A questão por detrás dessas decisões é: qual o critério para o que é técnico e o que é político? No que consiste o núcleo duro da decisão política? Proibir artigos de conveniência em farmácias, e cigarros mentolados, parecem indicar certa pauta de perfeccionismo moral para a sociedade (evitar o consumo excessivo de remédios; combater o cigarro); é conveniente que fiquem para o Congresso.

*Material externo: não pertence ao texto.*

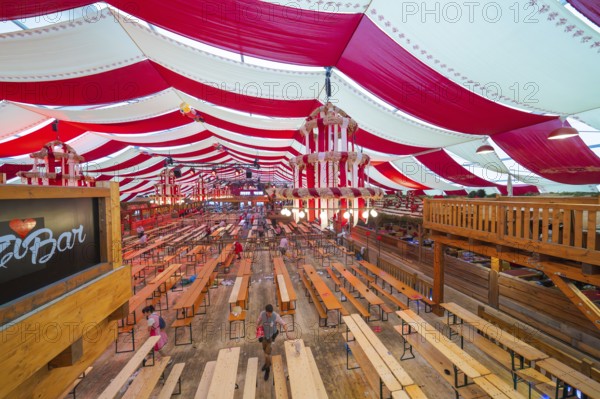 Marquee with red ceilings and wooden benches, bar in the foreground, inviting atmosphere, Cannstatter Wasen folk festival, Sonja Merz marquee, Stuttgart, Germany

Mas, e a concessão de esperança aos desesperados? Por que esse tipo de decisão política não vence o dado técnico de que a fosfoletamina é inútil? Em que medida a utilidade da fosfoetanolamina sequer é relevante para uma decisão política com tal conteúdo expressivo?
Em rigor, todas as três decisões podem ser reconstruídas como decisões políticas: são discussões que perpassam, afinal, os níveis aceitos de paternalismo em nossa sociedade. Por outro lado, de modo mais ou menos intenso, premissas técnicas se imbricam em todas elas.
A impressão que se tem é a de que há antes uso retórico dessas categorias - o "técnico" e o "político" - do que reflexão consistente. Talvez seja o caso de se abandoná-las, partindo-se para critério mais simples e direto, e que aparece na Suprema Corte dos Estados Unidos: o critério do "assunto importante" (big deal principle). Há temas em que, graças a seu significado econômico ou moral, não seria razoável imaginar que o legislador haja pretendido delegar para agências. Para muitos outros, é razoável esperar que a existência das agências já seja razão para que presumir que elas possam regular. A ANVISA poderia liberar o uso recreativo da maconha? É discutível. Pode liberar o uso medicinal? Parece que sim.
Enfim: falta-nos tanto uma compreensão mais precisa dos espaços da lei e do regulamento quanto uma teoria do bypass de agências pelo Congresso ou vice-versa. É assunto clássico, importante, está na ordem do dia, e não se resolve do modo casuístico como se tem feito. Eis um tema à procura de um autor.